Brodeur et al. correctly (in my view) attribute this pattern not just to selection (the much-talked-about “file drawer”) but also to data-contingent analyses (what Simmons, Nelson, and Simonsohn call “p-hacking” and what Loken and I call “the garden of forking paths”). They write:

We have identified a misallocation in the distribution of the test statistics in some of the most respected academic journals in economics. Our analysis suggests that the pattern of this misallocation is consistent with what we dubbed an inflation bias: researchers might be tempted to inflate the value of those almost-rejected tests by choosing a “significant” specification. We have also quantified this inflation bias: among the tests that are marginally significant, 10% to 20% are misreported.

They continue with “These figures are likely to be lower bounds of the true misallocation as we use very conservative collecting and estimating processes”—but I would go much further. One way to put it is that there are (at least) three selection processes going on here:

1. (“the file drawer”) Significant results (traditionally presented in a table with asterisks or “stars,” hence the photo above) more less likely to get published.

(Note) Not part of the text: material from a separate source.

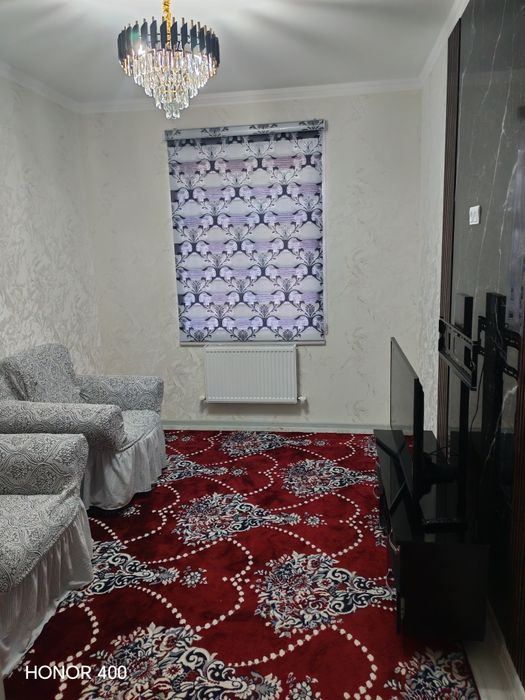 Хива шахар касма поликлиника олдидаги домни 1 каватида 2 хонали кв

2. (“inflation”) Near-significant results get jiggled a bit until they fall into the box

3. (“the garden of forking paths”) The direction of an analysis is continually adjusted in light of the data.

Brodeur et al. point out that item 1 doesn’t tell the whole story, and they come up with an analysis (featuring a “lemma” and a “corollary”!) explaining things based on item 2. But I think item 3 is important too.

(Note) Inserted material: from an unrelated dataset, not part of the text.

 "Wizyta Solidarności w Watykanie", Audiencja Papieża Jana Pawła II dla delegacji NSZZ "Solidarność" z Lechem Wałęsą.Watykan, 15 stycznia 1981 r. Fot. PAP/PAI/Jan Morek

The point is that the analysis is a moving target. Or, to put it another way, there’s a one-to-many mapping from scientific theories to statistical analyses.

So I’m wary of any general model explaining scientific publication based on a fixed set of findings that are then selected or altered. In many research projects, there is either no baseline analysis or else the final analysis is so far away from the starting point that the concept of a baseline is not so relevant.

Although maybe things are different in certain branches of economics, in that people are arguing over an agreed-upon set of research questions.

P.S. I only wish I’d known about these people when I was still in Paris; we could’ve met and talked.